Chapter 55
Ella
Tuesday
“I’ve always loved her tea set, these delicate flowers painted on every piece,” I say, twirling the teapot in my hands. “She always offered me a cup of tea after our piano lessons, whether it was summer or winter.”
“Tea was indispensable,” Miles says, letting out a laugh.
He stretches to try to reach the vase that Miss Amara kept on top of her kitchen cabinet. “I don’t know how she even managed to put it there in the first place,” he says with effort, and I laugh while providing moral support.
Every summer, Miss Amara would place that vase on the entryway dresser, refreshing the flower arrangement every week. And every winter, the vase returned to its spot on top of the kitchen cabinet, untouched until the next summer.
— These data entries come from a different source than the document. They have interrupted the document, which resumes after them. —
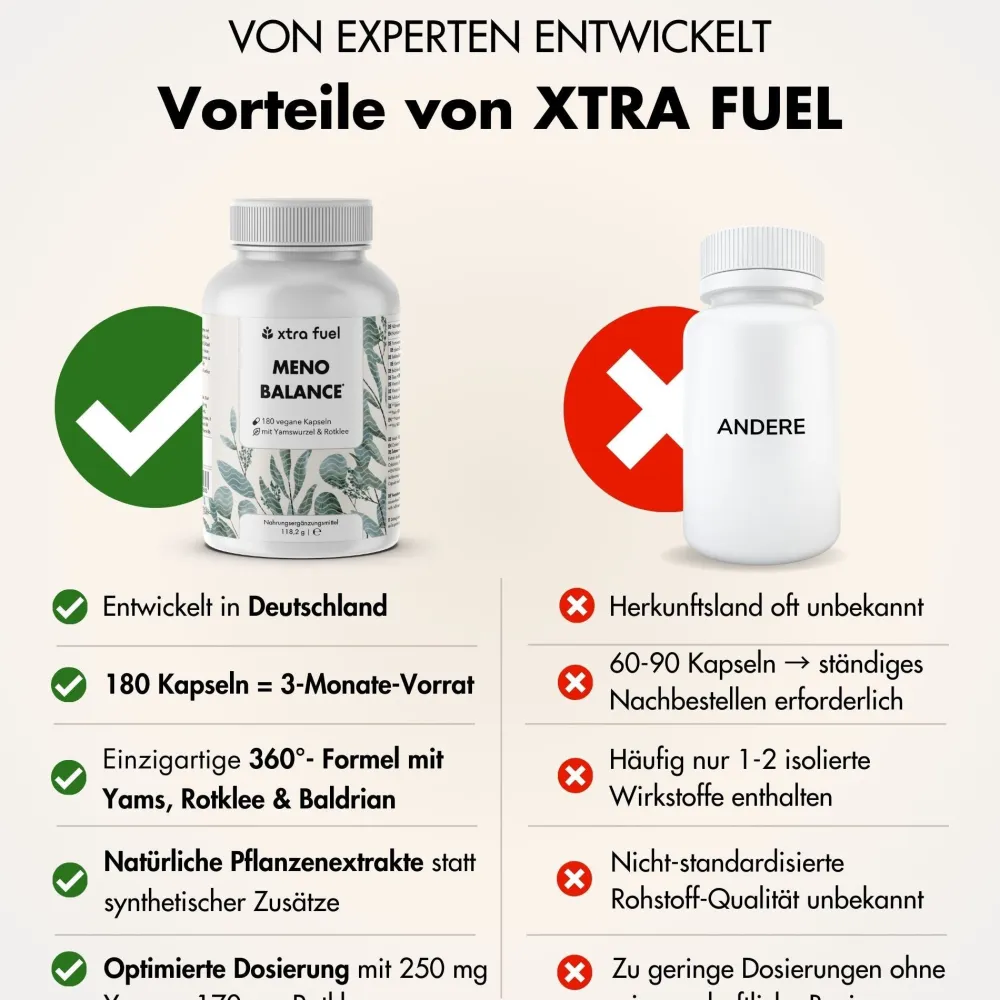 XTRA FUEL Wechseljahre Kapseln - Meno Balance mit Yams, Rotklee, Baldrian und Eisen| Best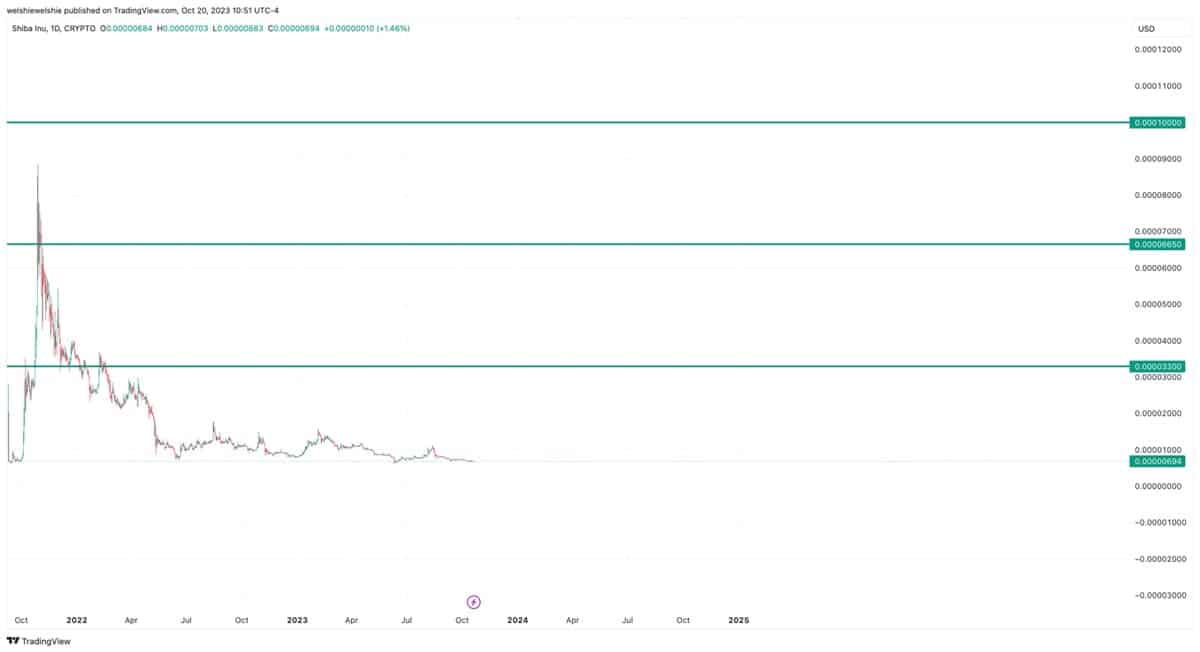 Prediksi Shiba Inu pada 2030 
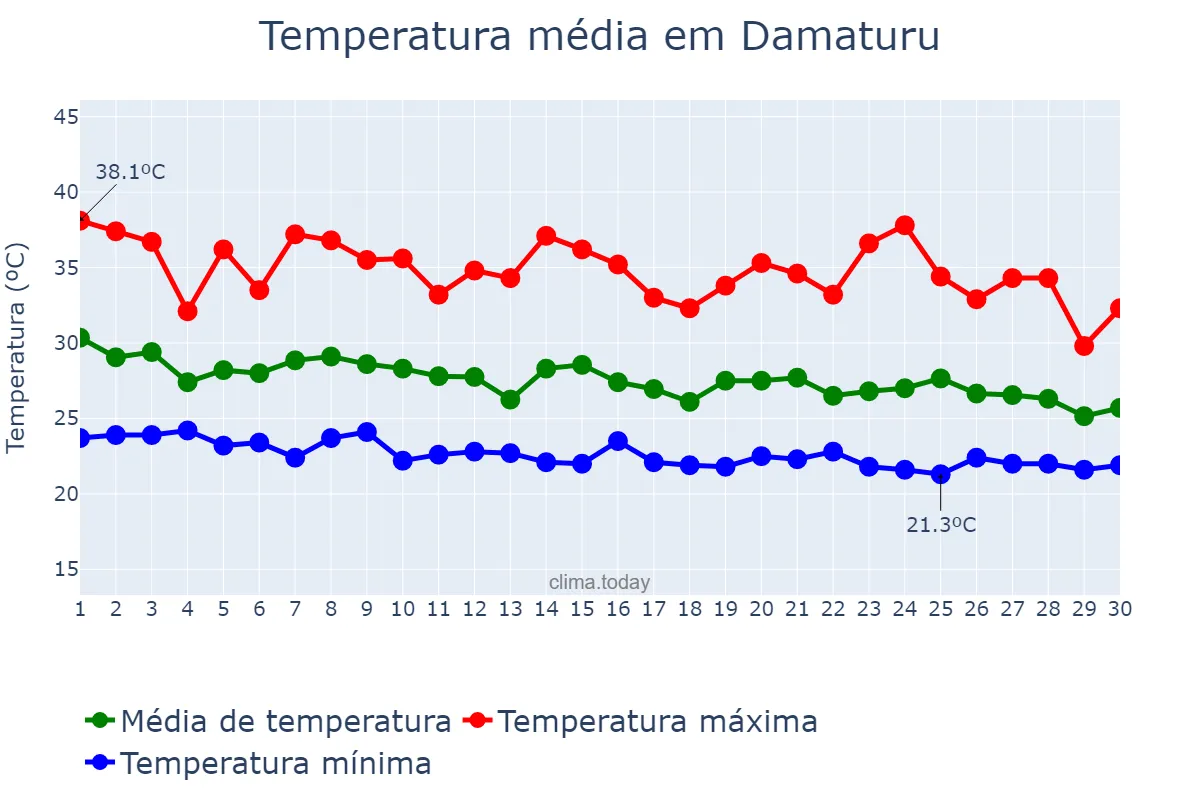 Temperatura em junho em Damaturu, Yobe, NG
I’m writing down the kitchen utensils on the inventory pages when Miles finally grasps the vase, stepping down carefully from his tiptoes on the chair.
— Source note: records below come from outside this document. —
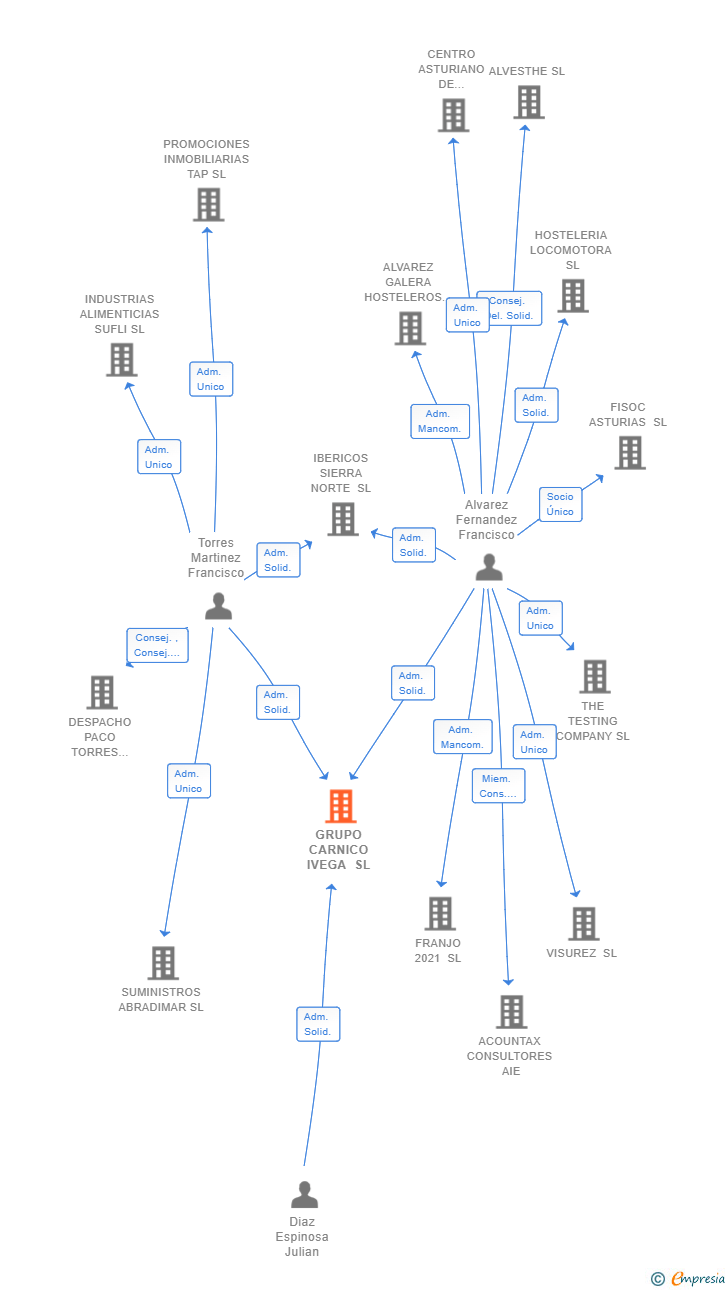 Vinculaciones societarias de GRUPO CARNICO IVEGA SL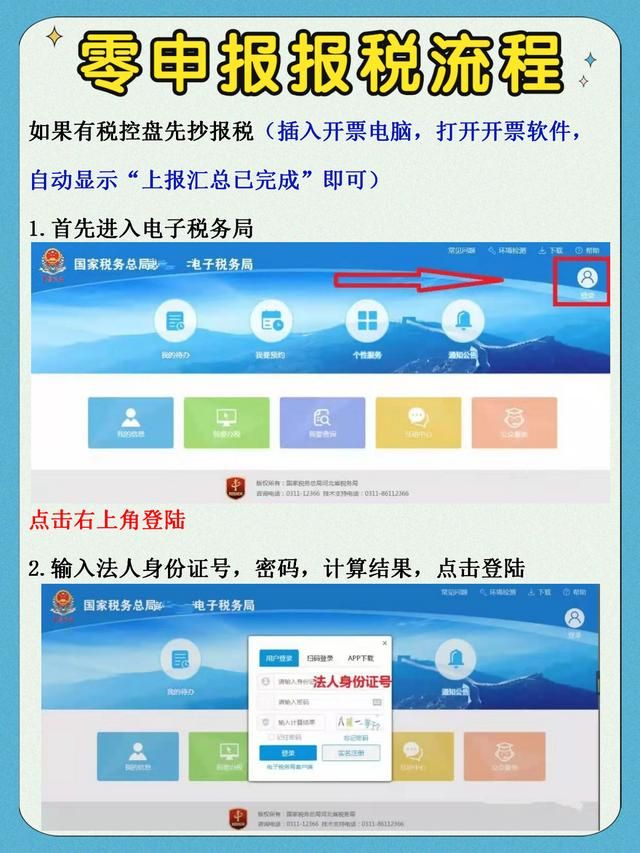 报税网上申报流程(个体工商户季度报税网上申报流程)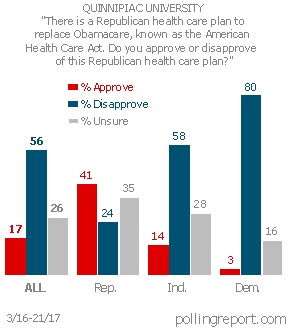 Republican health care plan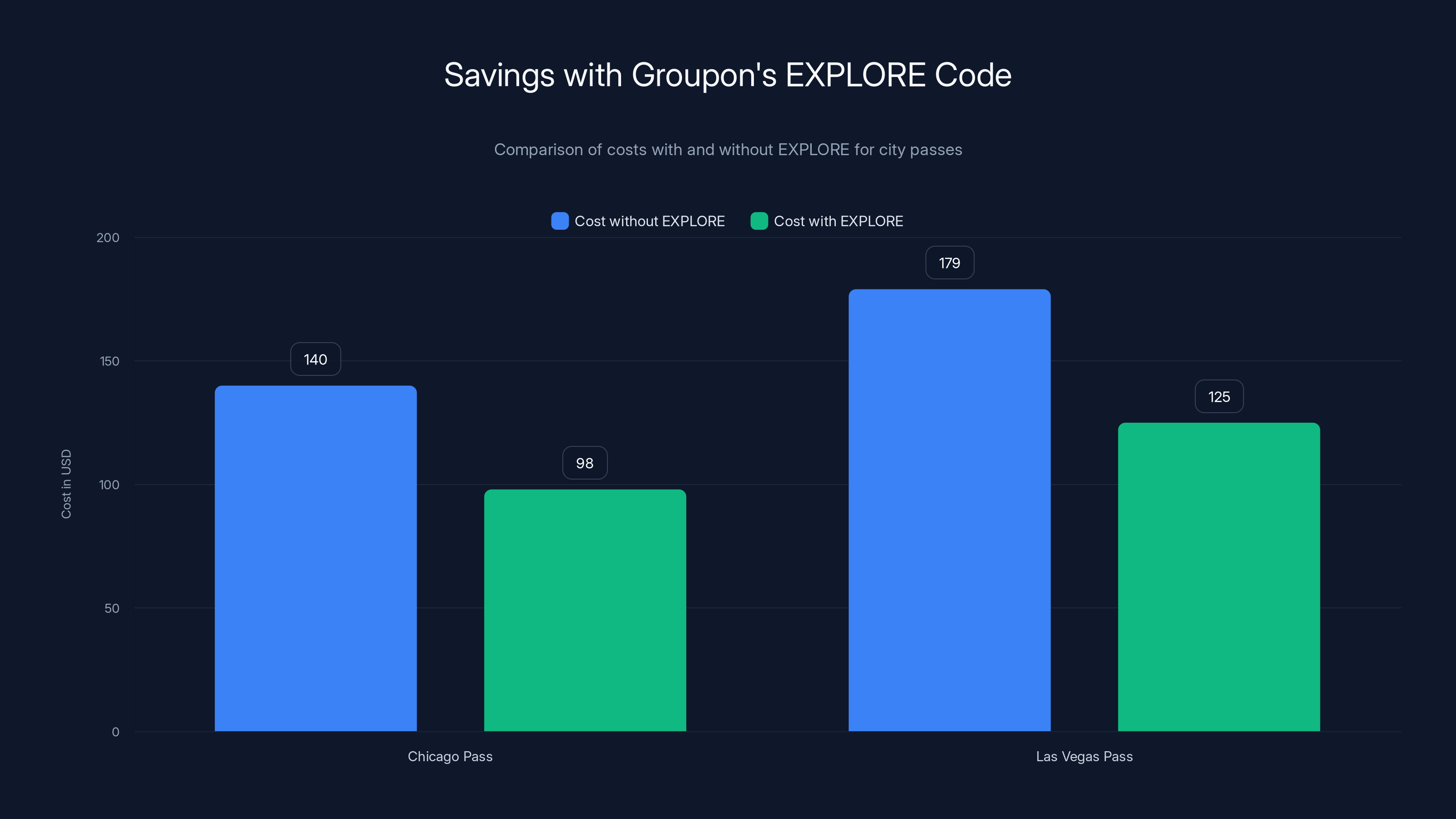 Savings with Groupon's EXPLORE Code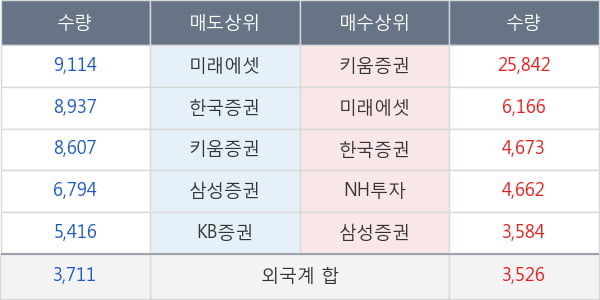 메디포스트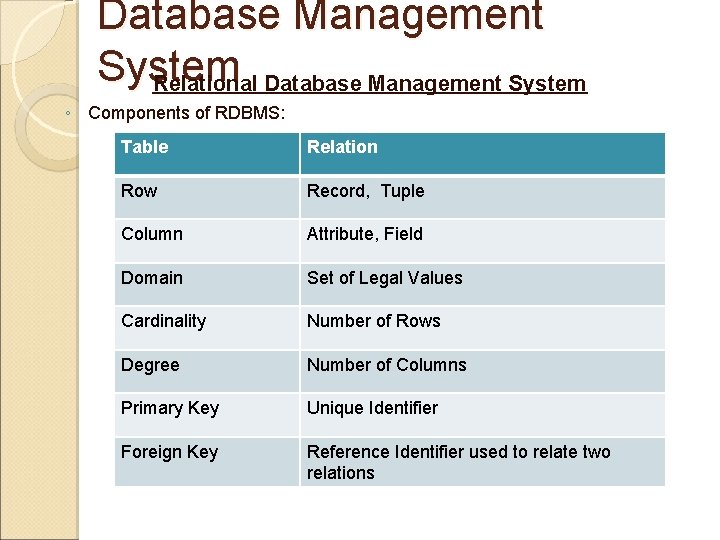 Database Management System Relational Database Management System ◦ Components of RDBMS: Table Relation Row Database Management System Relational Database Management System ◦ Components of RDBMS: Table Relation Row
It’s just as his t-shirt catches on one of the cabinet’s small handles that I glance back at him, and my mind flashes to the distant memory of the first time I noticed his birthmark on his lower back.
The first time I invited him to be my company, the seed of a companionship that would quietly flourish.
“Got any flowers?” he asks, smiling back at me, holding the vase, and I grin at the wordplay he doesn’t know he made.
We spend the next hours visiting every corner of Miss Amara’s house and every memory made there, the ones we were part of, and the ones she told us about.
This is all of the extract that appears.